This study states that With the expanding application of endovascular technology, the need to deploy into zone 0 has been encountered on occasion. This study evaluated the outcomes of great vessel debranching (GVD) as a method of extending proximal landing zone to facilitate thoracic endovascular aortic repair (TEVAR).

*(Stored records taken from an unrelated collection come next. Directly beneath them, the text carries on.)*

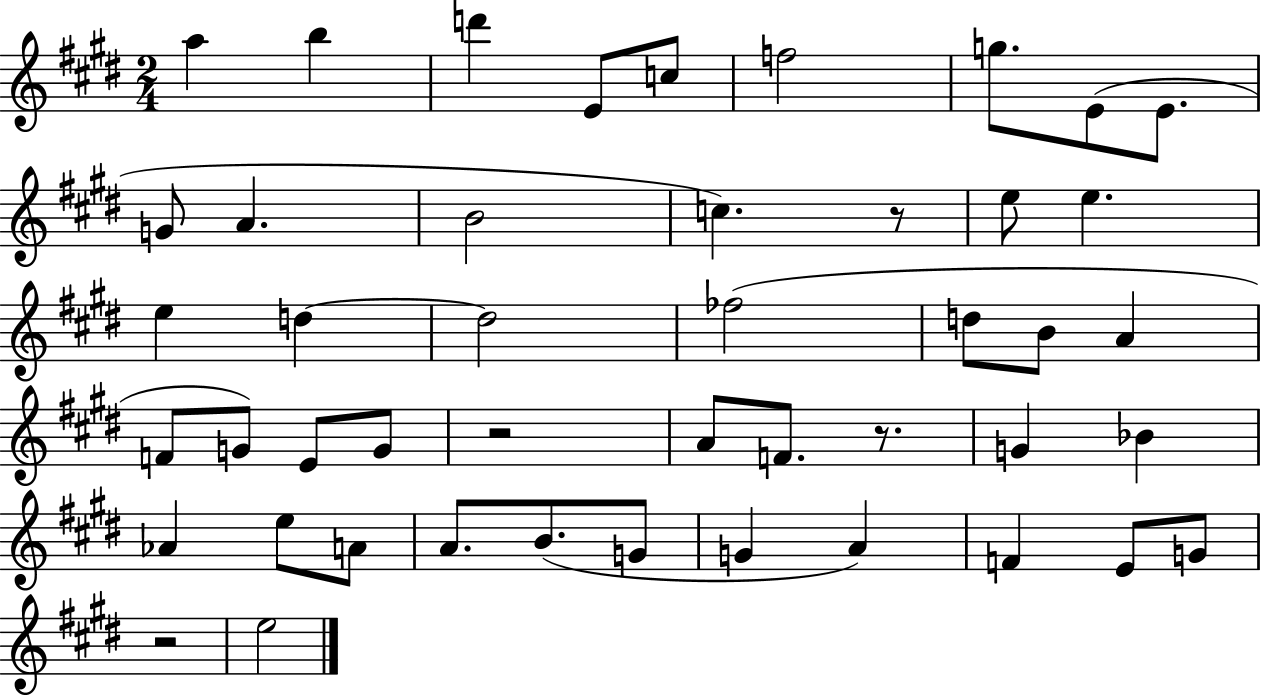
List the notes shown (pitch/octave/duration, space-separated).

A5/q B5/q D6/q E4/e C5/e F5/h G5/e. E4/e E4/e. G4/e A4/q. B4/h C5/q. R/e E5/e E5/q. E5/q D5/q D5/h FES5/h D5/e B4/e A4/q F4/e G4/e E4/e G4/e R/h A4/e F4/e. R/e. G4/q Bb4/q Ab4/q E5/e A4/e A4/e. B4/e. G4/e G4/q A4/q F4/q E4/e G4/e R/h E5/h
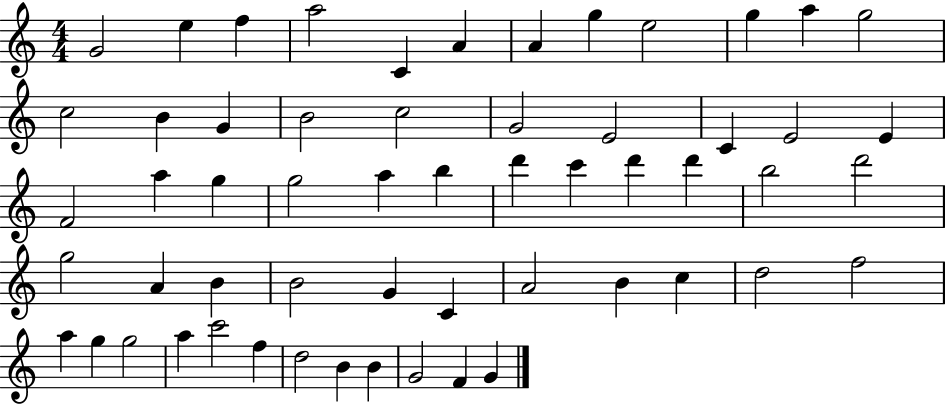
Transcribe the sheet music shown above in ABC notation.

X:1
T:Untitled
M:4/4
L:1/4
K:C
G2 e f a2 C A A g e2 g a g2 c2 B G B2 c2 G2 E2 C E2 E F2 a g g2 a b d' c' d' d' b2 d'2 g2 A B B2 G C A2 B c d2 f2 a g g2 a c'2 f d2 B B G2 F G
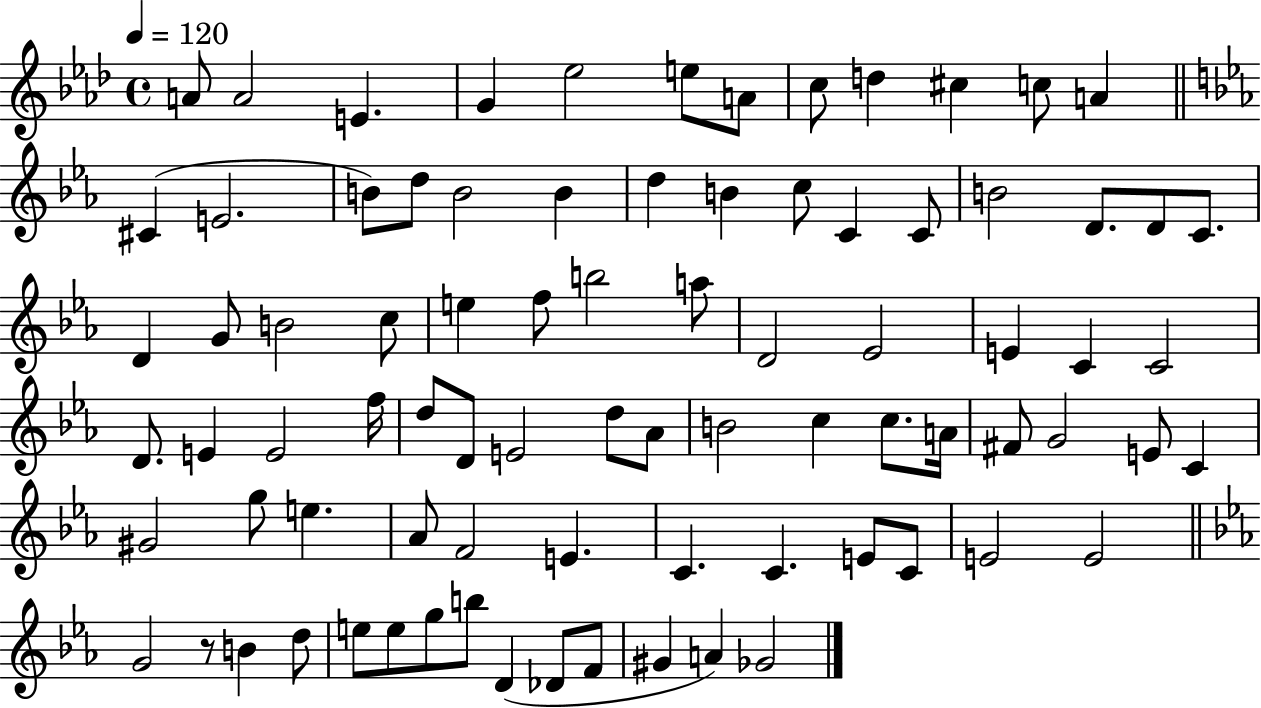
A4/e A4/h E4/q. G4/q Eb5/h E5/e A4/e C5/e D5/q C#5/q C5/e A4/q C#4/q E4/h. B4/e D5/e B4/h B4/q D5/q B4/q C5/e C4/q C4/e B4/h D4/e. D4/e C4/e. D4/q G4/e B4/h C5/e E5/q F5/e B5/h A5/e D4/h Eb4/h E4/q C4/q C4/h D4/e. E4/q E4/h F5/s D5/e D4/e E4/h D5/e Ab4/e B4/h C5/q C5/e. A4/s F#4/e G4/h E4/e C4/q G#4/h G5/e E5/q. Ab4/e F4/h E4/q. C4/q. C4/q. E4/e C4/e E4/h E4/h G4/h R/e B4/q D5/e E5/e E5/e G5/e B5/e D4/q Db4/e F4/e G#4/q A4/q Gb4/h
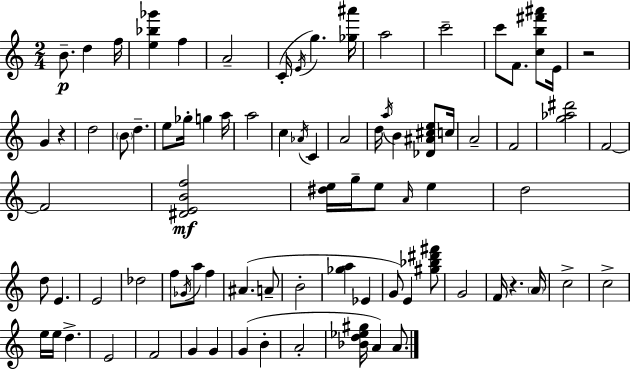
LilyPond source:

{
  \clef treble
  \numericTimeSignature
  \time 2/4
  \key a \minor
  b'8.--\p d''4 f''16 | <e'' bes'' ges'''>4 f''4 | a'2-- | c'16-.( \acciaccatura { e'16 } g''4.) | \break <ges'' ais'''>16 a''2 | c'''2-- | c'''8 f'8. <c'' b'' fis''' ais'''>8 | e'16 r2 | \break g'4 r4 | d''2 | \parenthesize b'8 d''4.-- | e''8 ges''16-. g''4 | \break a''16 a''2 | c''4 \acciaccatura { aes'16 } c'4 | a'2 | d''16 \acciaccatura { a''16 } b'4 | \break <des' ais' cis'' e''>8 c''16 a'2-- | f'2 | <g'' aes'' dis'''>2 | f'2~~ | \break f'2 | <dis' e' b' f''>2\mf | <dis'' e''>16 g''16-- e''8 \grace { a'16 } | e''4 d''2 | \break d''8 e'4. | e'2 | des''2 | f''8 \acciaccatura { ges'16 } a''8 | \break f''4 ais'4.( | a'8-- b'2-. | <ges'' a''>4 | ees'4 g'8) e'4 | \break <gis'' bes'' dis''' fis'''>8 g'2 | f'16 r4. | \parenthesize a'16 c''2-> | c''2-> | \break e''16 e''16 d''4.-> | e'2 | f'2 | g'4 | \break g'4 g'4( | b'4-. a'2-. | <bes' d'' ees'' gis''>16 a'4) | a'8. \bar "|."
}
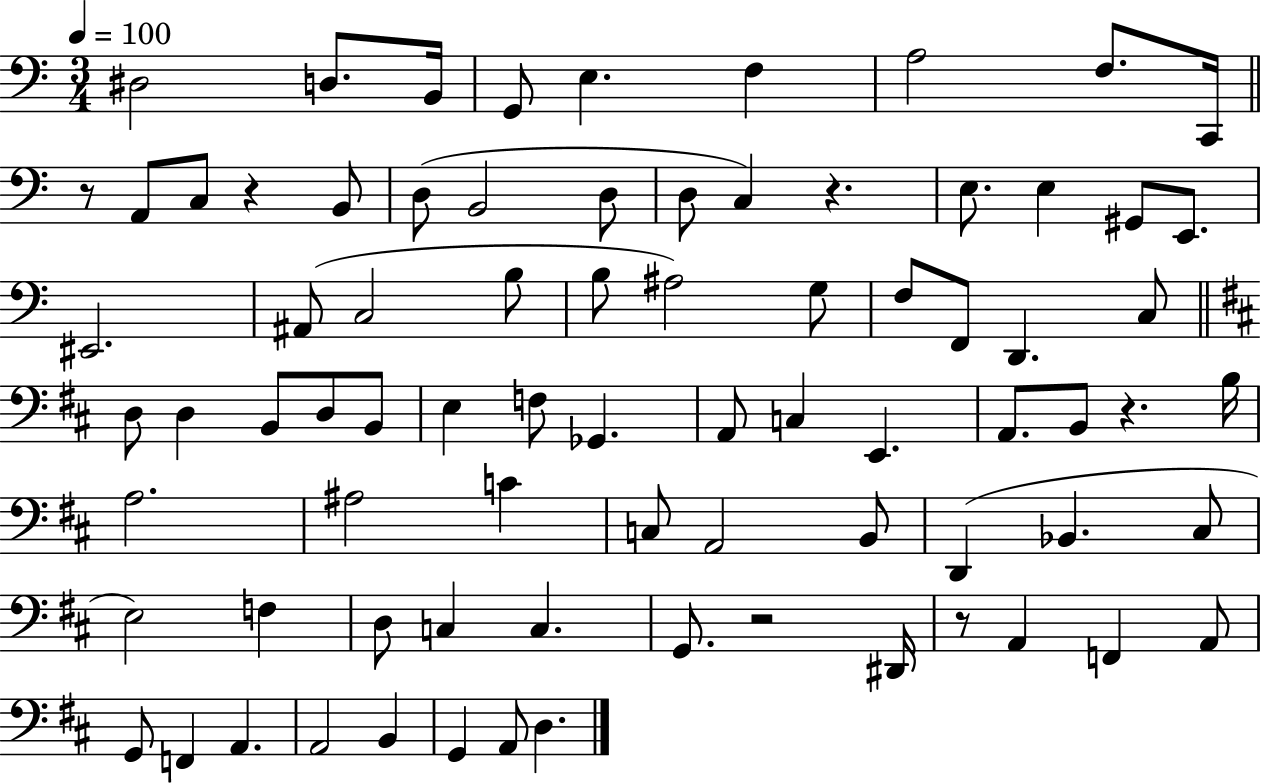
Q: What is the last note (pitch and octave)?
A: D3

A single-center retrospective review of all patients who underwent GVD followed by TEVAR between May 2013 and May 2020 was conducted. The primary outcome was primary patency of all targeted vessels, with mortality as a secondary outcome. Kaplan-Meier analysis was used to account for censoring in estimates of mortality and primary patency.There were 38 patients (20 men; mean age, 65 ± 14 years) who underwent GVD, with 110 vessels revascularized (38 innominate, 37 left common carotid, and 35 left subclavian; Table). Indications for TEVAR were type A dissection in 16 patients, type B dissection with aneurysmal degeneration in 12, thoracic aneurysm in 9, and perforated aortic ulcer in 1. Median duration between GVD and TEVAR was 38 days. Mean follow-up was 1.5 ± 1.8 years. Perioperative mortality, stroke, and paraplegia rates were 5.3%, 5.3%, and 2.6%, respectively. During the perioperative period, three endoleaks were identified, two of which required reintervention.